Transcribe only the lines between the first line of the records and the line containing "Jean Denis, comte", inclusive, exactly as written.

[Caption-style text data]
⁂

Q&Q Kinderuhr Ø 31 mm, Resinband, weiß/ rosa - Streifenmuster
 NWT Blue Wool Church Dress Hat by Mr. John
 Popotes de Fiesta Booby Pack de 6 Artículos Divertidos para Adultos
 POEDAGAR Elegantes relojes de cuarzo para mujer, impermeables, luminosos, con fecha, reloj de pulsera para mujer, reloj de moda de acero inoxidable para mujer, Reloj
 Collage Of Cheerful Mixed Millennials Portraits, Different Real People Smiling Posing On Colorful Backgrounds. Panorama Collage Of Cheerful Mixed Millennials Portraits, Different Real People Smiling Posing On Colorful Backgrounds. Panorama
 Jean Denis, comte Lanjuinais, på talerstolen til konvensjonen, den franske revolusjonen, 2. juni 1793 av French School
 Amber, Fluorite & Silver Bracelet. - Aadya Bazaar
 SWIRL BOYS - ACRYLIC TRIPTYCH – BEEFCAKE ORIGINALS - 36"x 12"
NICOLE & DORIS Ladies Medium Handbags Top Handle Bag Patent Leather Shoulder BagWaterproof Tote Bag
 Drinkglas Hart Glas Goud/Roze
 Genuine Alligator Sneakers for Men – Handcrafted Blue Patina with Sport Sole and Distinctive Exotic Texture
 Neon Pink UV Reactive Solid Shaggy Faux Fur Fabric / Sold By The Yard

⁂

- Result of this exercise -
Q&Q Kinderuhr Ø 31 mm, Resinband, weiß/ rosa - Streifenmuster
 NWT Blue Wool Church Dress Hat by Mr. John
 Popotes de Fiesta Booby Pack de 6 Artículos Divertidos para Adultos
 POEDAGAR Elegantes relojes de cuarzo para mujer, impermeables, luminosos, con fecha, reloj de pulsera para mujer, reloj de moda de acero inoxidable para mujer, Reloj
 Collage Of Cheerful Mixed Millennials Portraits, Different Real People Smiling Posing On Colorful Backgrounds. Panorama Collage Of Cheerful Mixed Millennials Portraits, Different Real People Smiling Posing On Colorful Backgrounds. Panorama
 Jean Denis, comte Lanjuinais, på talerstolen til konvensjonen, den franske revolusjonen, 2. juni 1793 av French School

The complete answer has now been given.